Nominal (categorical) data is qualitative — it is simply some indication of a given observation having a characteristic or not. An easy example from social science is race: someone in the US could be denoted as white, black, Asian, etc. — these labels may covary systematically with other data, but racial/ethnic categorization is not *quantifiable* in the sense that is has no absolute or relative natural ordering.

Ordinal data is quantitative, but only in a relative way via natural ordering. For example, we might ask a survey respondent how much they agree or disagree with a given statement and ask them to give their response on an integer scale of 1-5. When comparing different responses, we will be able to make assertions about how each response is more/less emphatic in a given direction, but we will not be able to precise answer *how much*. Things like ordered preference among categories also fall here — we could ask people to order their preference for five different types of soft drink, for example, and then try to make assertions about their relative popularity based on the aggregated responses.

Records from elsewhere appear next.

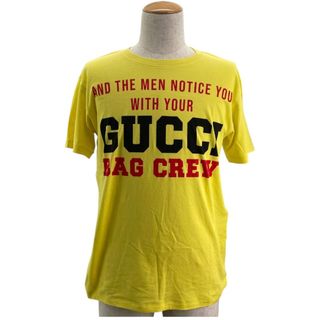 グッチ(GUCCI)の　グッチ GUCCI 100周年 ロゴプリント 半袖Tシャツ 615044 イエロー コットン メンズ 半袖Ｔシャツ(Tシャツ/カットソー(半袖/袖なし))
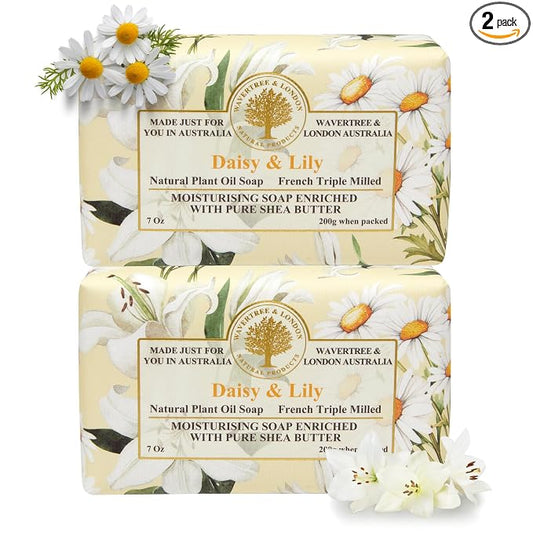 Wavertree & London Daisy & Lily Scented Natural Soap (2 Bars), 7oz Moisturizing French Triple Milled Soap Bars enriched with shea butter - Pure Plant Based Bath & Body Bars for All Skin Types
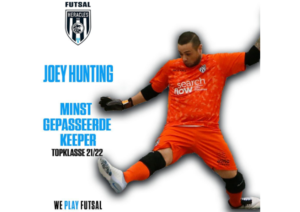Minst gepasseerde keeper Topklasse 2021/2022: Joey Hunting (Heracles Almelo Futsal)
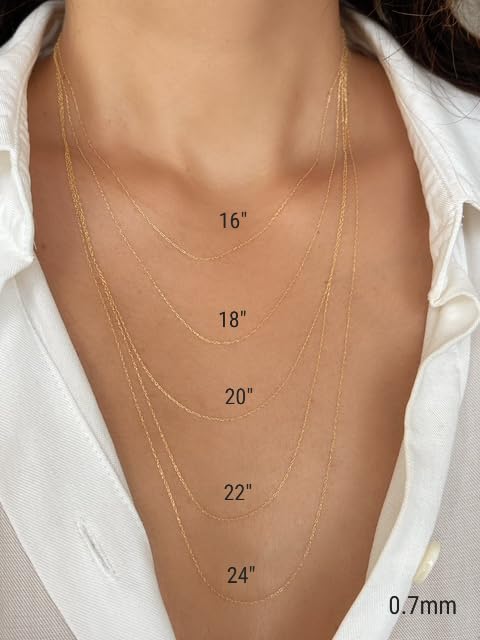 JEWELHEART 14K Solid Gold Rope Chain - 0.7mm Thin Dainty Braided Chain Link Necklace - Yellow Real Gold Pendant Necklace For Women 16"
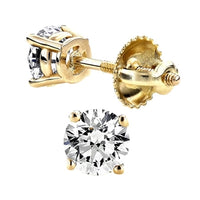 Thumbnail for LADIES SOLITAIRE STUD EARRING 1/6 CT ROUND DIAMOND 14K WHITE GOLD (EXCELLENT QUALITY)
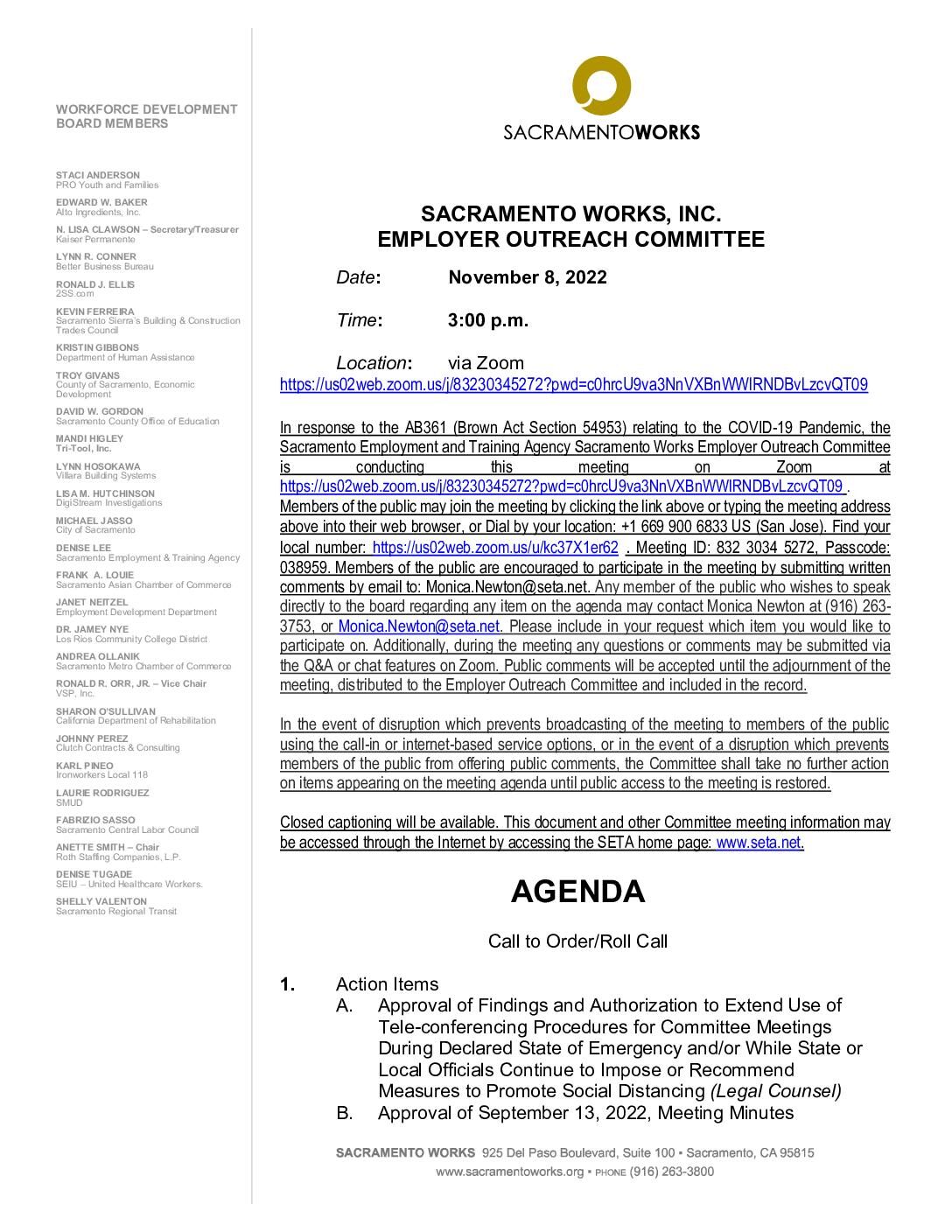 Sacramento Works Employer Outreach Committee 11/8/2022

Continuous data (including interval) is data for which more precise measurement allows for both the above *ordinality* of responses as well as *cardinality* — that is, *how much* more/less a given response is compared to others. Measuring income in dollar amounts, for example, allows us to make more exact assertions about the covariance between income and other variables (e.g. if age/income have a linear relationship, we can try to model it and get an estimate for exactly how much more income to expect given each additional unit of age or vice-versa).